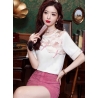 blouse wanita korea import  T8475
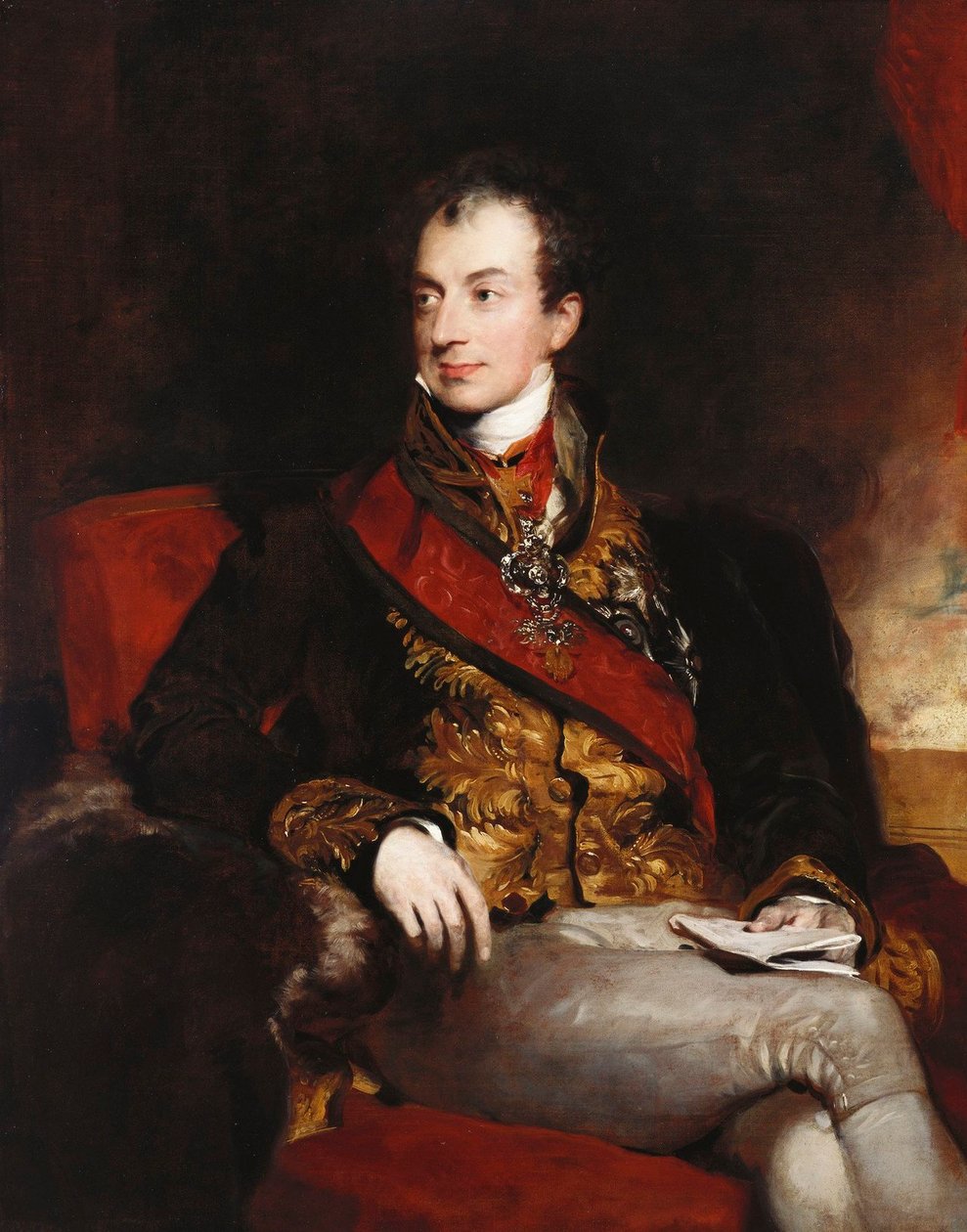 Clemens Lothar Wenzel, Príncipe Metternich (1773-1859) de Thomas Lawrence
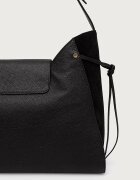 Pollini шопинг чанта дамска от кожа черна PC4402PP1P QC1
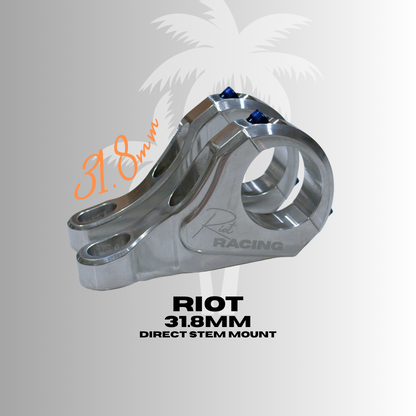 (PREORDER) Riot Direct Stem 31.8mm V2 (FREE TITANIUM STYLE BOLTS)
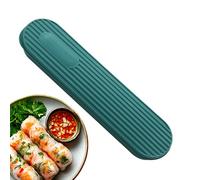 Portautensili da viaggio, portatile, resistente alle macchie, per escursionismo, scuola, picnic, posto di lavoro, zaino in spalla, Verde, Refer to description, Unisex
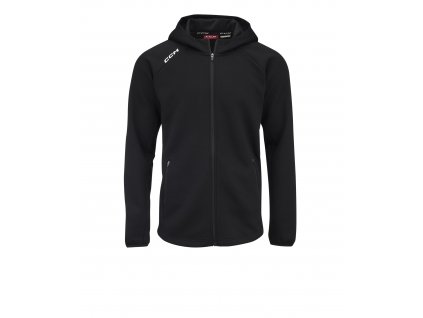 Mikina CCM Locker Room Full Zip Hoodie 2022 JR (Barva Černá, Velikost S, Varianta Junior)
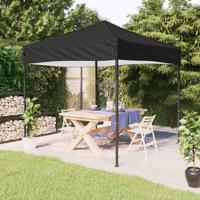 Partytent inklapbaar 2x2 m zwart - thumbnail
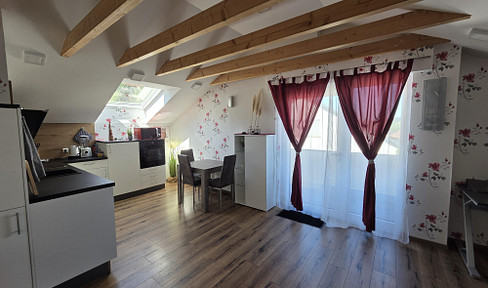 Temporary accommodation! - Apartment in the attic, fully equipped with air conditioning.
◆ ◆ ◆ ◆ ◆
What to do
Produce a word-for-word copy of the records, omitting all images.

Solution
 blouse wanita korea import  T8475
 Clemens Lothar Wenzel, Príncipe Metternich (1773-1859) de Thomas Lawrence
 Pollini шопинг чанта дамска от кожа черна PC4402PP1P QC1
 (PREORDER) Riot Direct Stem 31.8mm V2 (FREE TITANIUM STYLE BOLTS)
 Portautensili da viaggio, portatile, resistente alle macchie, per escursionismo, scuola, picnic, posto di lavoro, zaino in spalla, Verde, Refer to description, Unisex
 Mikina CCM Locker Room Full Zip Hoodie 2022 JR (Barva Černá, Velikost S, Varianta Junior)
 Partytent inklapbaar 2x2 m zwart - thumbnail
 Temporary accommodation! - Apartment in the attic, fully equipped with air conditioning.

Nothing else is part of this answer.